Exercise: Pictures aside, print all of the data below exactly as written.

Given data:
########
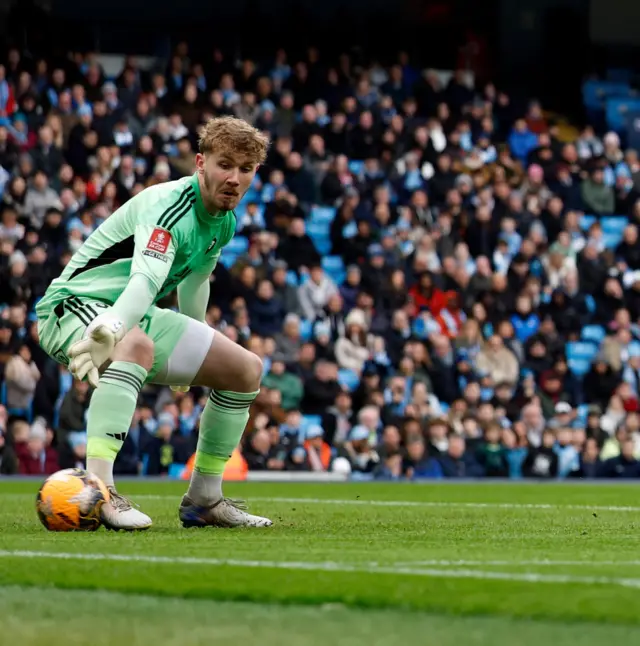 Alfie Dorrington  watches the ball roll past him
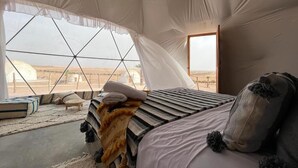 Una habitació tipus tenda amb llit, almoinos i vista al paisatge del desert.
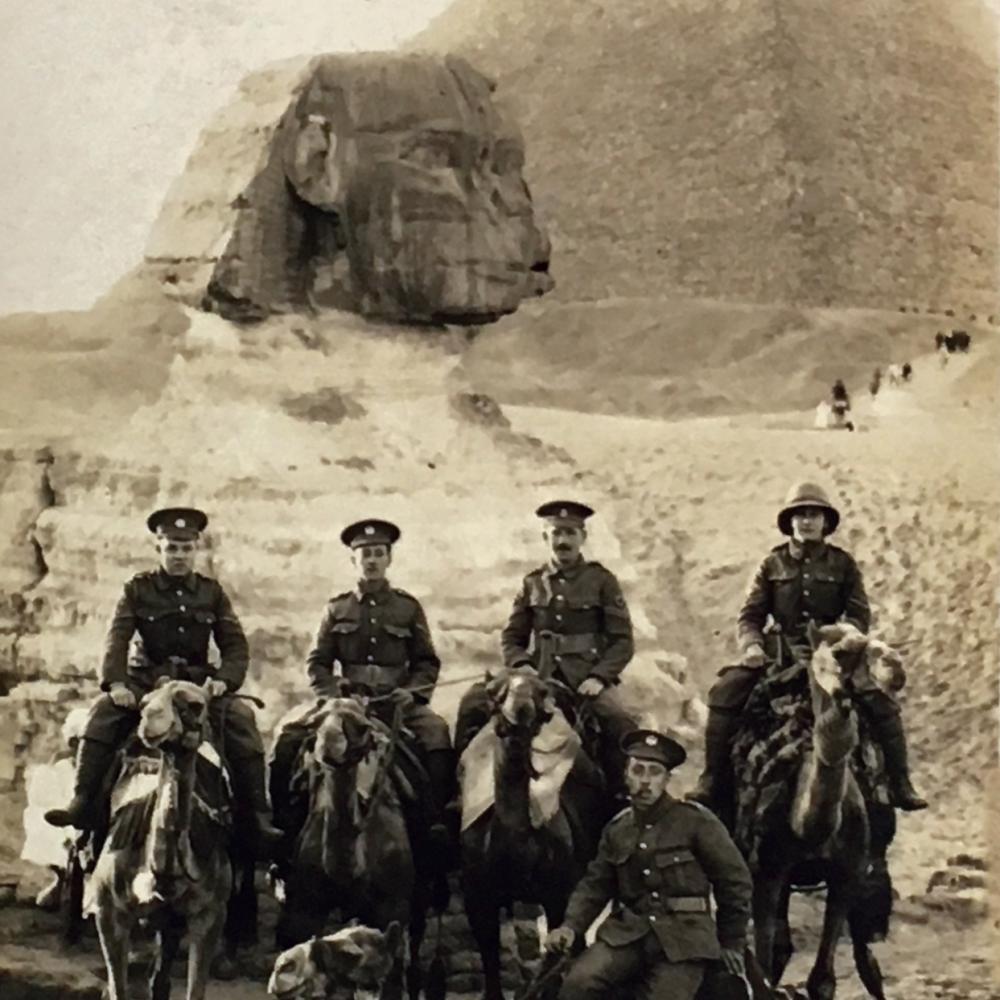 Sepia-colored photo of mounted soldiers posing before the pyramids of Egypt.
########
Solution:
 Alfie Dorrington  watches the ball roll past him
 Una habitació tipus tenda amb llit, almoinos i vista al paisatge del desert.
 Sepia-colored photo of mounted soldiers posing before the pyramids of Egypt.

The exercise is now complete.